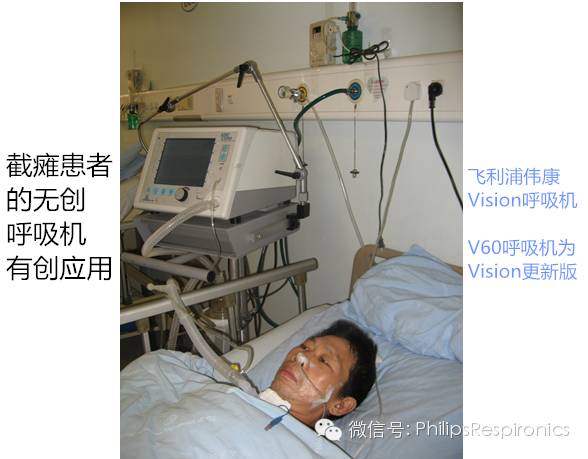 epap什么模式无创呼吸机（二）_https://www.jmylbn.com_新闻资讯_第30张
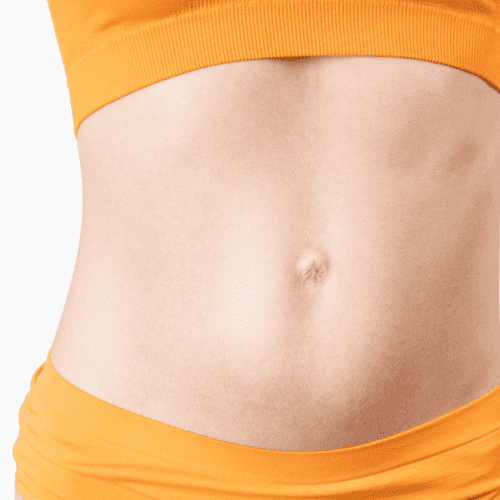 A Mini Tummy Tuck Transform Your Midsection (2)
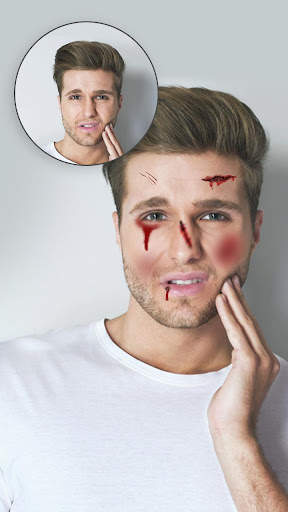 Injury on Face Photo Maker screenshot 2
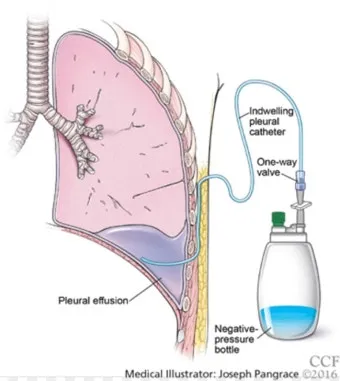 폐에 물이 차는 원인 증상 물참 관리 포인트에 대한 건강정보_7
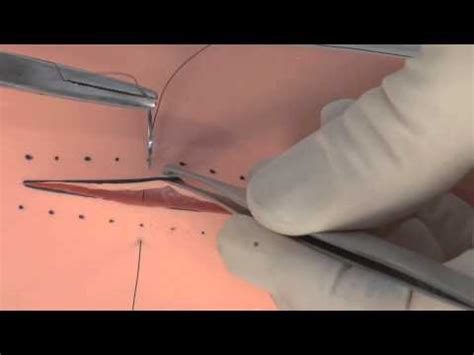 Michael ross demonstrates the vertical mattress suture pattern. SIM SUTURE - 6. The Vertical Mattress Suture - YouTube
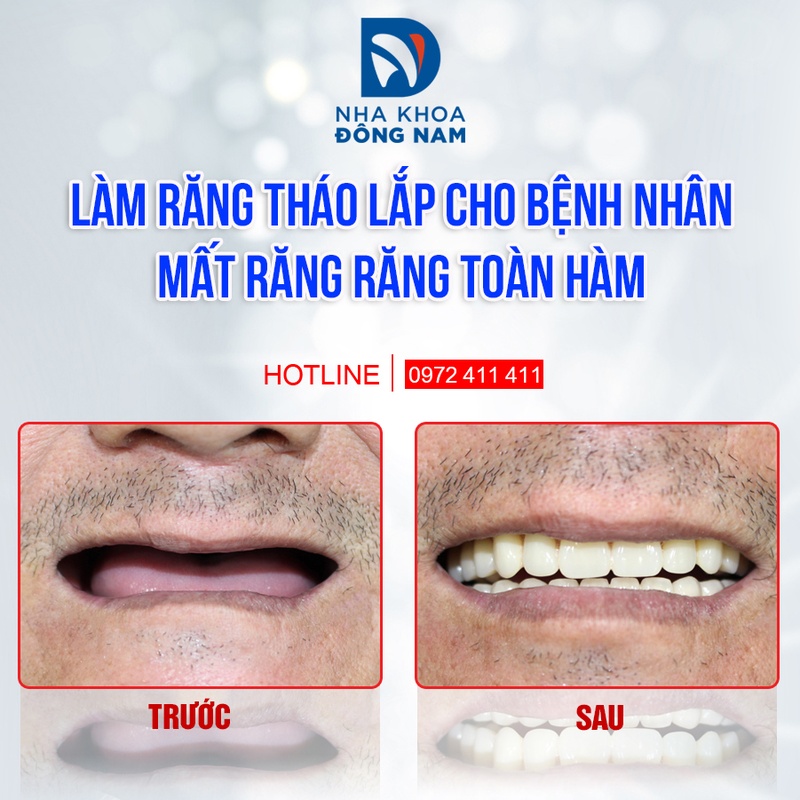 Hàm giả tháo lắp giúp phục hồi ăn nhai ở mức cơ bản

○ ○ ○ ○ ○ ○ ○

## WHAT THE TASK ASKS
Your task is to repeat the data above exactly while excluding the pictures.

## SOLUTION TO THIS TASK
 epap什么模式无创呼吸机（二）_https://www.jmylbn.com_新闻资讯_第30张
 A Mini Tummy Tuck Transform Your Midsection (2)
 Injury on Face Photo Maker screenshot 2
 폐에 물이 차는 원인 증상 물참 관리 포인트에 대한 건강정보_7
 Michael ross demonstrates the vertical mattress suture pattern. SIM SUTURE - 6. The Vertical Mattress Suture - YouTube
 Hàm giả tháo lắp giúp phục hồi ăn nhai ở mức cơ bản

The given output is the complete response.